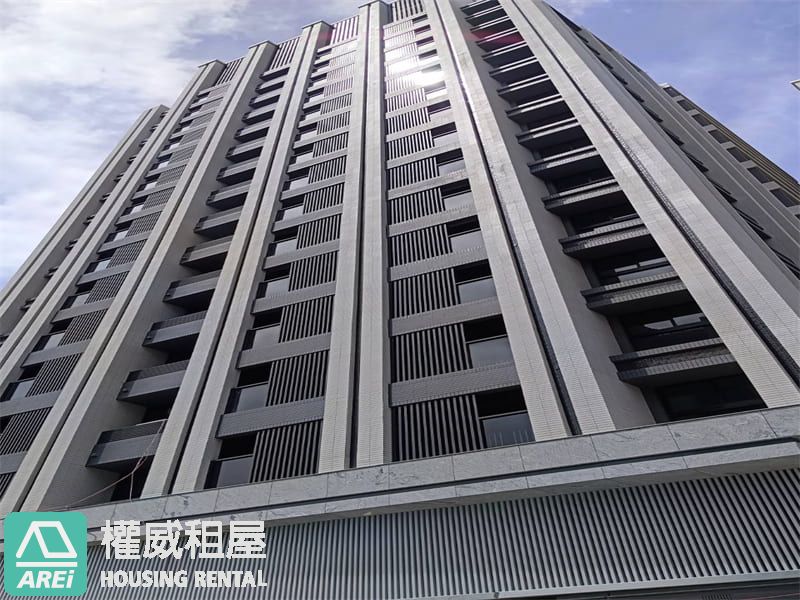 五甲商圈正核心/全新雙面採光2+1房雙衛+車位/高樓景觀宅(超A件)
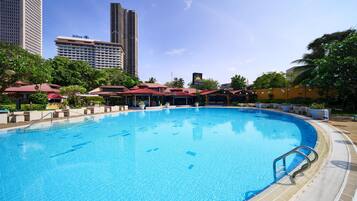 Kolam renang outdoor, dengan payung kolam renang dan kursi berjemur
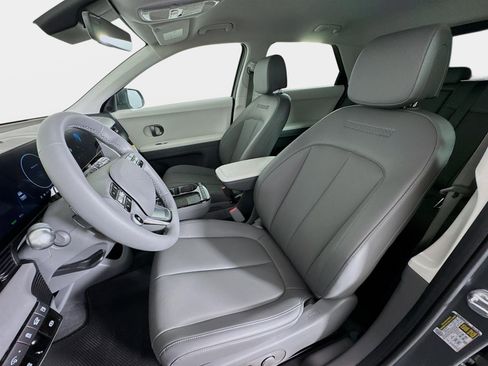 New 2025 Hyundai Ioniq 5 SEL image 11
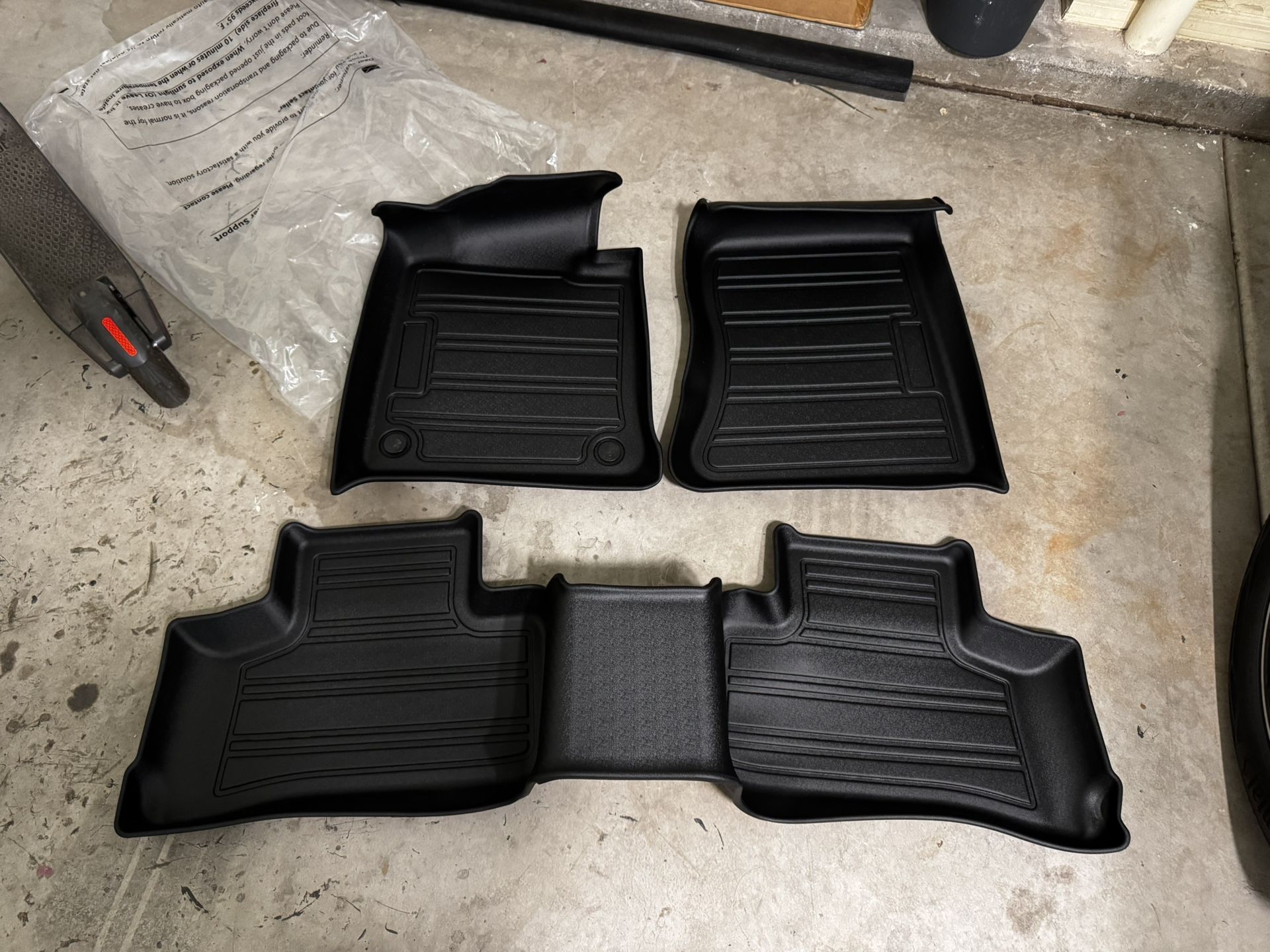Floor Mats for 2023 2024 2025 Mercedes Benz GLC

·····

# Aim of the exercise:
For the data above, return an exact copy that contains no pictures.

# Solution to the problem:
 五甲商圈正核心/全新雙面採光2+1房雙衛+車位/高樓景觀宅(超A件)
 Kolam renang outdoor, dengan payung kolam renang dan kursi berjemur
 New 2025 Hyundai Ioniq 5 SEL image 11
Floor Mats for 2023 2024 2025 Mercedes Benz GLC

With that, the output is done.